All of lore.kernel.org
 help / color / mirror / Atom feed
From: Taylor Blau <me@ttaylorr.com>
To: git@vger.kernel.org
Cc: "Elijah Newren" <newren@gmail.com>, "Jeff King" <peff@peff.net>,
	"Jiang Xin" <worldhello.net@gmail.com>,
	"Jonathan Tan" <jonathantanmy@google.com>,
	"Junio C Hamano" <gitster@pobox.com>,
	"SZEDER Gábor" <szeder.dev@gmail.com>,
	"Elijah Newren" <newren@gmail.com>
Subject: [PATCH v7 00/16] bloom: changed-path Bloom filters v2 (& sundries)
Date: Tue, 25 Jun 2024 13:39:01 -0400	[thread overview]
Message-ID: <cover.1719333276.git.me@ttaylorr.com> (raw)
In-Reply-To: <cover.1706741516.git.me@ttaylorr.com>

(Rebased onto the tip of 'master', which is now 1e1586e4ed (The
sixteenth batch, 2024-06-24) at the time of writing).

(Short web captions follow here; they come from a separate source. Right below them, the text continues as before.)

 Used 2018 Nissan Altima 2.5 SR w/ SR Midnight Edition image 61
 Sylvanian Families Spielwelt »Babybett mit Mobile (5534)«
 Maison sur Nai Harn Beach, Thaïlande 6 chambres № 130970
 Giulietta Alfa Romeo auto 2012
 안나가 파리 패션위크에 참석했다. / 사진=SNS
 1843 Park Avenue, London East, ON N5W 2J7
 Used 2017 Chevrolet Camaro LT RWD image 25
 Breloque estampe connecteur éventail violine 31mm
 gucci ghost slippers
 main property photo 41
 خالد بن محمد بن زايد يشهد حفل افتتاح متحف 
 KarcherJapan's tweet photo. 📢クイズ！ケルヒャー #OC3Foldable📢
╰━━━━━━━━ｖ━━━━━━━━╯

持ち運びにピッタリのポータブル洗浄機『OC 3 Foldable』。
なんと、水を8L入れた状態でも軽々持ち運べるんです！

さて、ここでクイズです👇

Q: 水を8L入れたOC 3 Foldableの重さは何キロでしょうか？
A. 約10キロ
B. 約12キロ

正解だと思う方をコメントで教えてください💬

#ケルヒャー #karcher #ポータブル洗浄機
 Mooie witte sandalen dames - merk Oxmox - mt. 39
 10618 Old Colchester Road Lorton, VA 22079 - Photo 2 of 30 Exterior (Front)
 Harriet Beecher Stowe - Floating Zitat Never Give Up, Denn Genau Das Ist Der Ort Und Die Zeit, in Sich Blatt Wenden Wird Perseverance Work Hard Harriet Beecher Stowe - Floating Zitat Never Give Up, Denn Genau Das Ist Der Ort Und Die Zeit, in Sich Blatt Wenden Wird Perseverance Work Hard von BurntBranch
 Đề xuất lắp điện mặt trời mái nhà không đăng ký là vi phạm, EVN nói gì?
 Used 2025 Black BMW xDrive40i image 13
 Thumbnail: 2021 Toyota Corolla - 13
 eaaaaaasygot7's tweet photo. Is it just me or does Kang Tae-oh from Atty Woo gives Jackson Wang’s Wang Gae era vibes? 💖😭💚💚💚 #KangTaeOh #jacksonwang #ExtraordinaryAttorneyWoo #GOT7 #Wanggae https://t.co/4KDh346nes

This series is another minor reroll of the combined efforts of [1] and
[2] to introduce the v2 changed-path Bloom filters, which fixes a bug in
our existing implementation of murmur3 paths with non-ASCII characters
(when the "char" type is signed).

This version addresses the remaining comments from SZEDER around more
thorough testing of merging commit-graph layers with incompatible Bloom
filters versions, and ensuring the result is as expected.

Thanks again to Jonathan, Peff, and SZEDER who have helped a great deal
in assembling these patches. As usual, a range-diff is included below.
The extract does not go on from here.